* _EXCERPTED DATA_
-*-

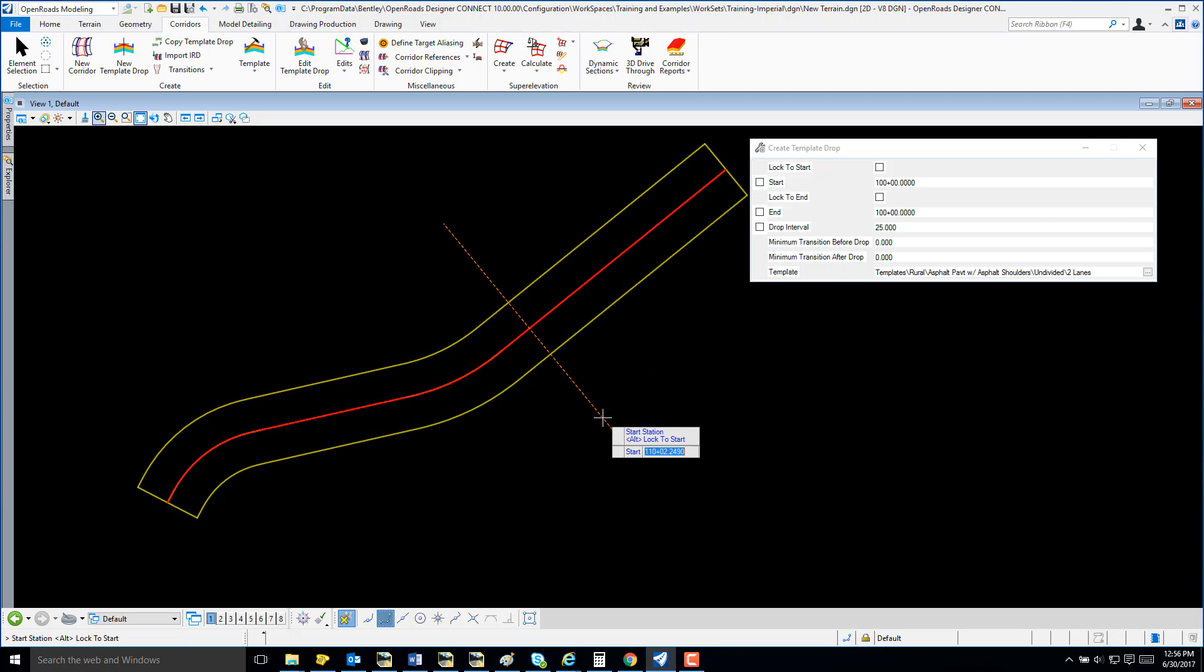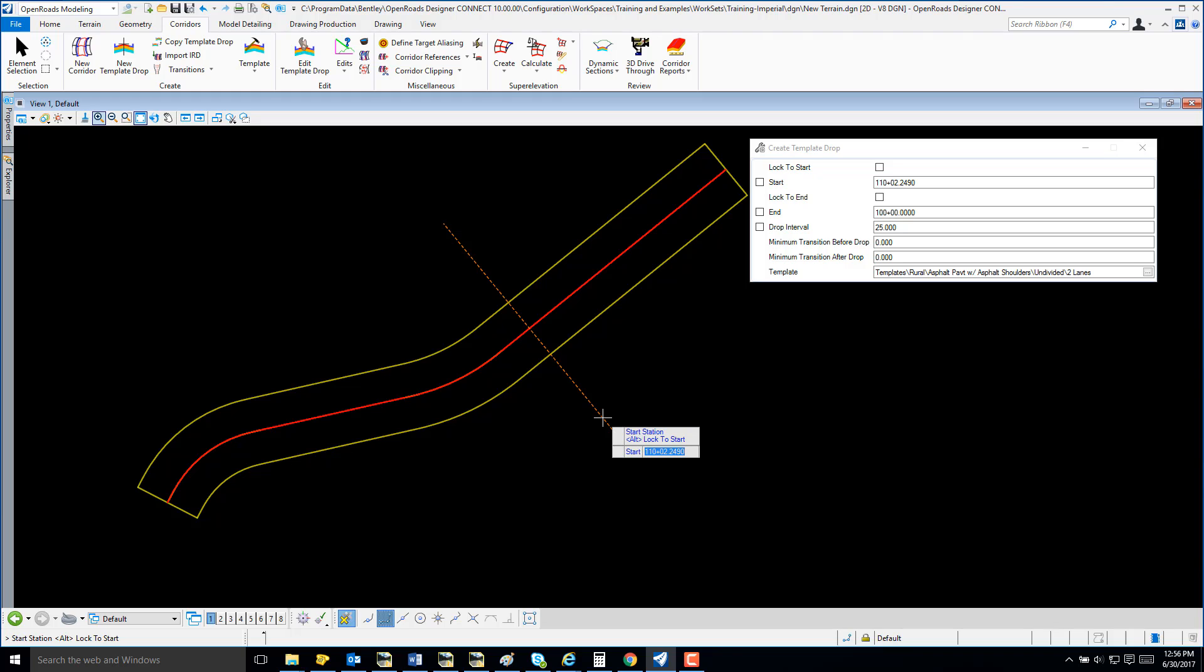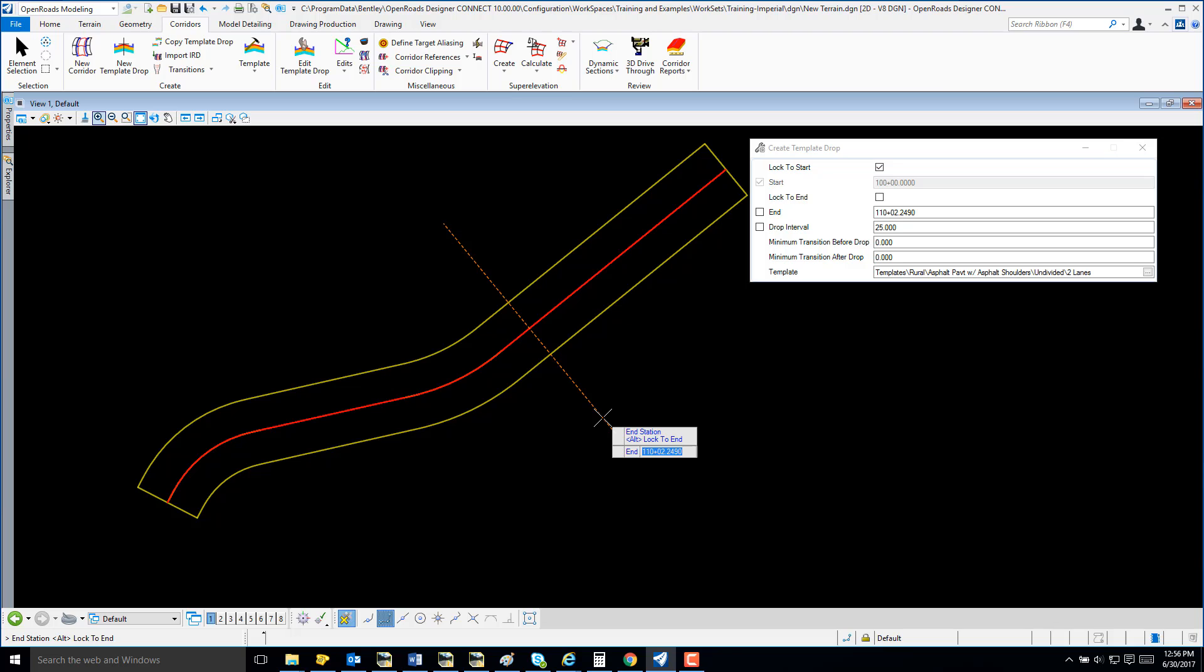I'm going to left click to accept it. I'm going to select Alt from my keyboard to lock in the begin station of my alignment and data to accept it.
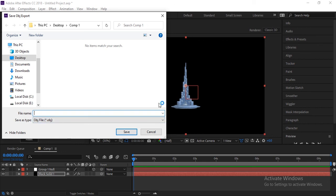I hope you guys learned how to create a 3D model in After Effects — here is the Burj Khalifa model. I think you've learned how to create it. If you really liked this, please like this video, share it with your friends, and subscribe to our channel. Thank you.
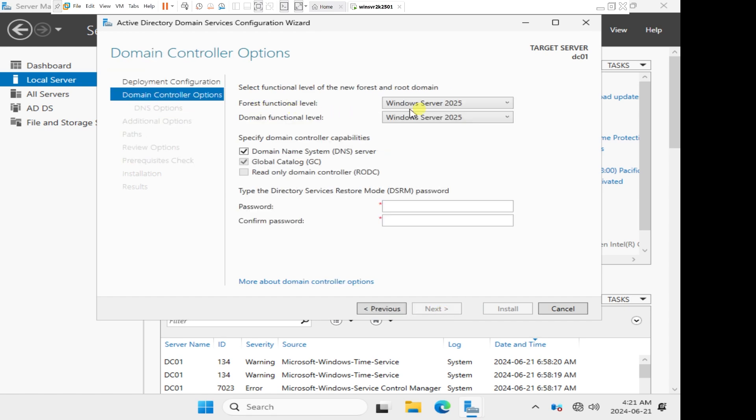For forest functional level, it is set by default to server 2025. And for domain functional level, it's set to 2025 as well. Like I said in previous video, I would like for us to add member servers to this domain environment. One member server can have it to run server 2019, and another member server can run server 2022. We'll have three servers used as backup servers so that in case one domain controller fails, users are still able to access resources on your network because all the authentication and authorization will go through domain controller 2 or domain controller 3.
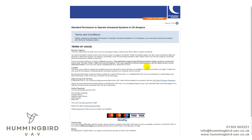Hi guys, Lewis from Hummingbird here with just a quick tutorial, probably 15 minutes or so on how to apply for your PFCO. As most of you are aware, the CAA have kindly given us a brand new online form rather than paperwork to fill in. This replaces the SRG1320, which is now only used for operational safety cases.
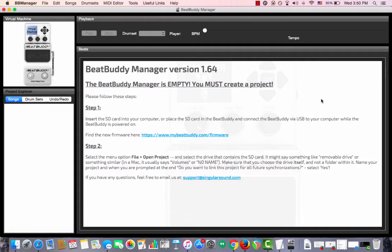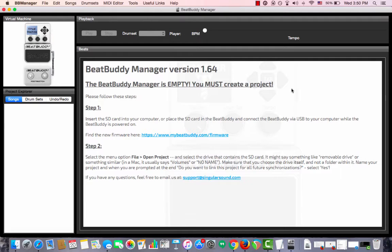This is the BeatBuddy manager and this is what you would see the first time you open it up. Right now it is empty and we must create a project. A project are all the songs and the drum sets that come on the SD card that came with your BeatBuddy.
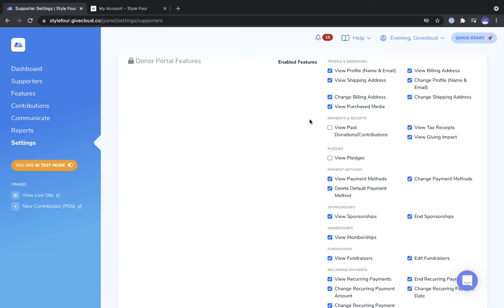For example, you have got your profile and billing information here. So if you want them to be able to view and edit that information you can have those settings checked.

-*-

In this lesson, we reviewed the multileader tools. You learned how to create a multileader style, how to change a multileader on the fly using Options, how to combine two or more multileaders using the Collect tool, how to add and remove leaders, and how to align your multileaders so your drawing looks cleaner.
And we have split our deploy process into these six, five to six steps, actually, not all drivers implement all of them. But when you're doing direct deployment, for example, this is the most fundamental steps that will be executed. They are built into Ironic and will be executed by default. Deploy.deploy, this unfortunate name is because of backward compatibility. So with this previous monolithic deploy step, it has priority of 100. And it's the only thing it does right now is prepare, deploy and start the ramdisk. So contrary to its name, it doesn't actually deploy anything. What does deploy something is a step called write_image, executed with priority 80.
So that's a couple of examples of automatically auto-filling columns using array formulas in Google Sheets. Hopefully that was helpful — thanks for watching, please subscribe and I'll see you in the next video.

-*-

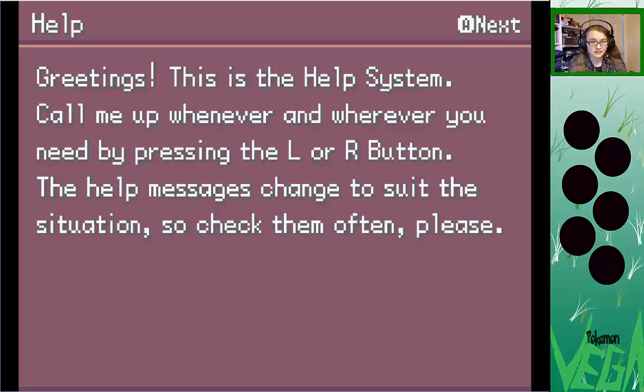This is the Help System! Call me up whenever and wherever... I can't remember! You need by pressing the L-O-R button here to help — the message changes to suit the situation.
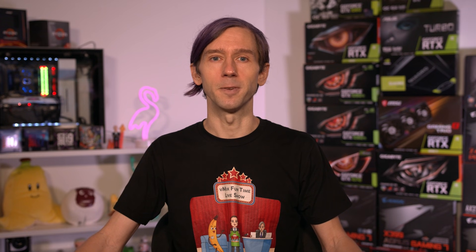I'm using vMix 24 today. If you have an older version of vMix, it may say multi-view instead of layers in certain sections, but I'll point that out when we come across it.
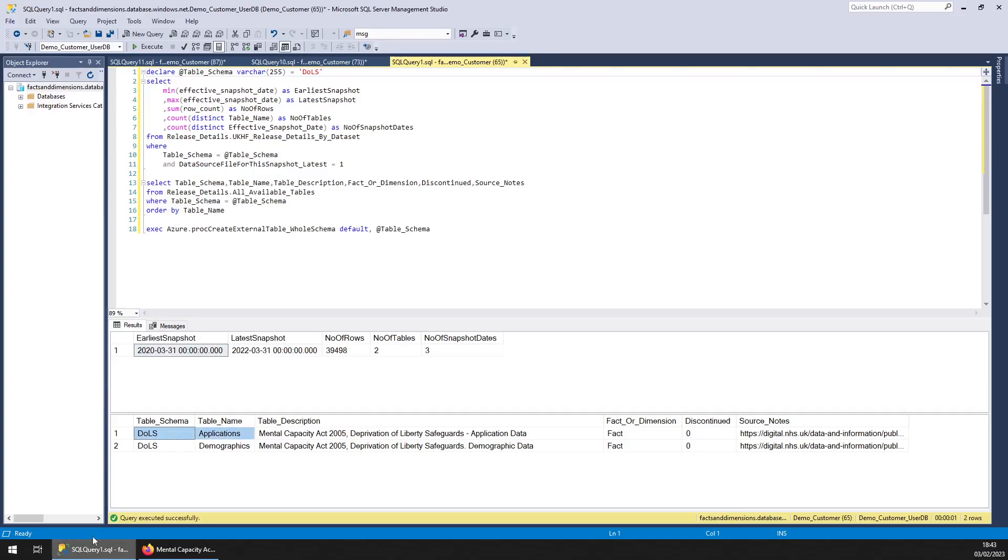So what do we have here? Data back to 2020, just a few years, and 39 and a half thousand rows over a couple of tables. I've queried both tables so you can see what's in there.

-*-

The answer must be the part of the records that opens with the line containing "This is the BeatBuddy" and closes with the line containing "For example, you", reproduced exactly, with no pictures.

This is the BeatBuddy manager and this is what you would see the first time you open it up. Right now it is empty and we must create a project. A project are all the songs and the drum sets that come on the SD card that came with your BeatBuddy.
For example, you have got your profile and billing information here. So if you want them to be able to view and edit that information you can have those settings checked.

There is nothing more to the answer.